I can identify with this Daniel. I was brought up in a particularly controlling environment where I was told who I was meant to be. When I left that place, I had no clue as to what values or identity were mine and what had been thrust upon me. It made me feel extremely lost and it did make me vulnerable.

I found it easier to answer the question of who I'm not. This then narrowed the field for me to decide who I did want to be.
 
I found it easier to answer the question of who I'm not. This then narrowed the field for me to decide who I did want to be.


That surely makes it easier :)

I guess my main issue with identity is that even if you figure out your values it doesn't always mean that the world is totally fine with it. I've had my share of issues in life that made me feel I've found parts of who I am and what my identity is, only to be rejected, not by friends but by society in general.

My personal beliefs and values don't correspond to how the world functions so it seems and that by itself makes it a lot harder than fine tuning, something I always feel the majority of the people do.
 
I've gone through periods like this too, so you're definitely not mad. It's actually a healthy thing, I think. If we don't have moments where we figure out who we are and what we believe in, we risk blindly accepting things as they are---and in most cases that's not a good thing. Everyone can always strive to be a better person and do good in the world, but that can't happen if we don't ask questions.
 
I have had a complete questioning of who I am and who I want to be. A sudden stop of life as I know it, and a reboot. It sounds as though you have had them more frequently than I, but so what?
"You Have The Rest Of Your Life To Figure It Out, Enjoy The Ride"
 
Most of what you said is how I have felt and lived. A few years ago I met a wonderful woman and loving her I felt a purpose. She didn't give that purpose to me, it was realizing that I was capable of feeling so much so strongly and sharing it with some one. We are no longer together but until I was with her, I didn't feel a purpose in my life. Maybe as aspies we feel a little not human and being able to touch such strong and true feelings made me feel human. I think that's it. After four years, she left me two weeks three days ago. It's been very hard but, I had a gift. Without the time I had with her I would never have known part of myself.
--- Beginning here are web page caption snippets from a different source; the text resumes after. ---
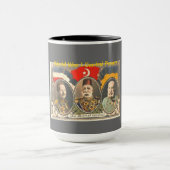 Mug Puissances de central de la guerre mondiale 1 (Centre)
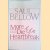 More Die of Heartbreak
Saul Bellow
€ 8,00 More Die of Heartbreak
Saul Bellow
€ 8,00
I wish you the best but at least for now I can say that you are not alone. :)

Does anybody struggle with a sense of self identiy? I don't seem to know myself. I don't know what I stand for as a person. I struggle to identify with a set of core beliefs and values, and if I do have any, they are usually fleeting. they shift and change all the time, or they are just not there at all. I don't know what my purpose is. Sometimes I have to take a good long hard look at myself in the mirror. I look and I try to find this missing sense of identity. Without it it just feels like I'm coasting through life with no meaning and that I'm just a small piece afloat, lost in a big world. It's very deep and very confusing but it's missing. I don't know who I am, and without that I don't know why I'm here. Is this common or am I going mad?
o
 
I think I have decided not to try and position myself into the rest of the world.
The rest of the world doesn't care who I am and what I want.
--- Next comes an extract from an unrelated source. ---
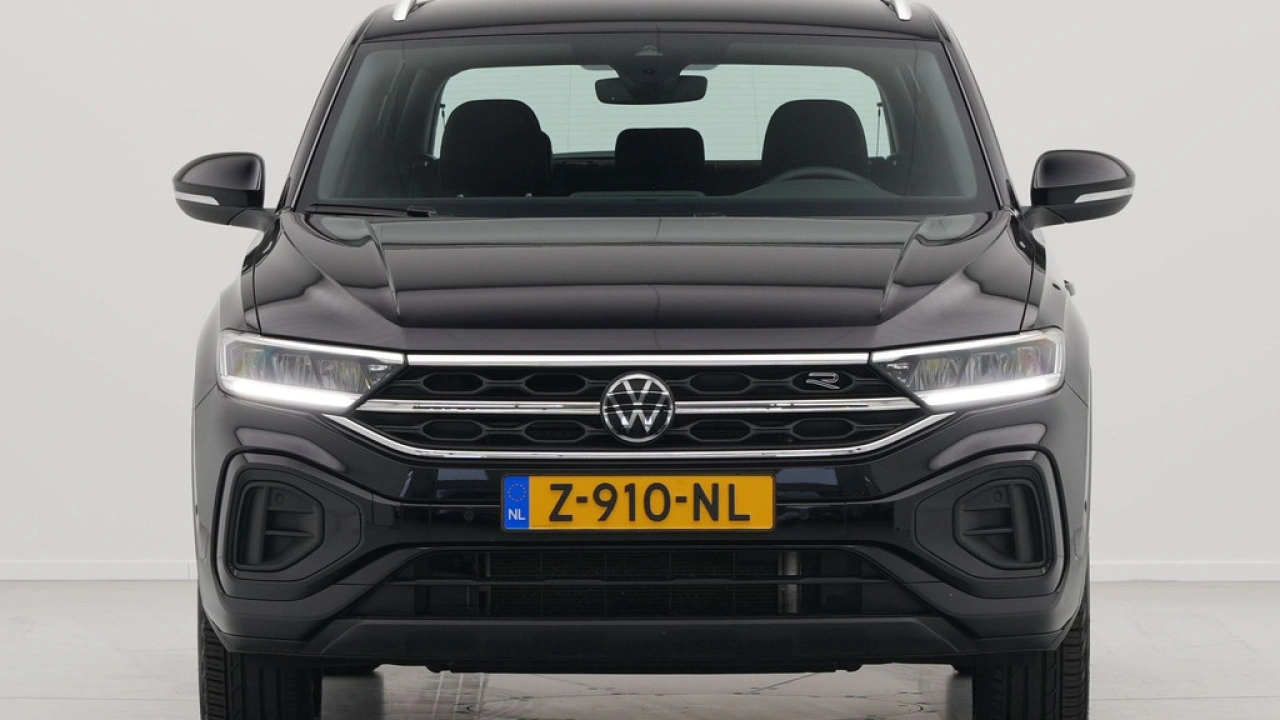Volkswagen T-Roc 1.5 TSI 150pk DSG R-Line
Once free of that, you can just... be. Relax. Enjoy what you enjoy. Care about who and what is near you. And let the rest of the planet indulge in it's own madness and horribleness.
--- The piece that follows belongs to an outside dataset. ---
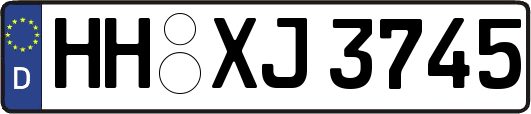 HH-XJ3745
Why are you here? You just are here. That's all.
 
Well thanks everyone for the replies. There are some very insightful comments there and it is good to know it's not just me who feels this way. I'll keep on searching :)
 
Does anybody struggle with a sense of self identiy? I don't seem to know myself. I don't know what I stand for as a person. I struggle to identify with a set of core beliefs and values, and if I do have any, they are usually fleeting. they shift and change all the time, or they are just not there at all. I don't know what my purpose is. Sometimes I have to take a good long hard look at myself in the mirror. I look and I try to find this missing sense of identity. Without it it just feels like I'm coasting through life with no meaning and that I'm just a small piece afloat, lost in a big world. It's very deep and very confusing but it's missing. I don't know who I am, and without that I don't know why I'm here. Is this common or am I going mad?

Someone once observed that we spend entirely too much of our lives trying to find meaning out of something that doesn't necessarily have to have meaning ... lives just exist. The less time I try and find a meaning for where I'm at, the better I feel.

I do often feel like a ghost floating through life, almost as an observer and less of a participant. Sometimes I feel as if I live on the fringe of society. I have to often remind myself that these are feelings and not necessarily reality, although to some degree, they become a version of our reality. I have to remind myself that my feelings are simply the way I have chosen to interpret life's information. Let me say this is vastly easier said than done.

Does anyone else have a constant voice in their head reciting all of the negatives?
 
Mattymatt said:
I do often feel like a ghost floating through life, almost as an observer and less of a participant. Sometimes I feel as if I live on the fringe of society.

This is the part of my life I have enjoyed the most, the sense of not being part of it, yet being able to dip in when I felt like it. I see so much of NT life that I dislike that it is a relief to step away.

I live my life day by day and have become quite good at not looking back or planning ahead. Over the years my life would change drastically in the blink of an eye so I saw no value in making plans. Now I deal with each moment as it arises, which gives me a greater control as I'm not sidetracked by 'what ifs'.
 
This is the part of my life I have enjoyed the most, the sense of not being part of it, yet being able to dip in when I felt like it. I see so much of NT life that I dislike that it is a relief to step away.

I live my life day by day and have become quite good at not looking back or planning ahead. Over the years my life would change drastically in the blink of an eye so I saw no value in making plans. Now I deal with each moment as it arises, which gives me a greater control as I'm not sidetracked by 'what ifs'.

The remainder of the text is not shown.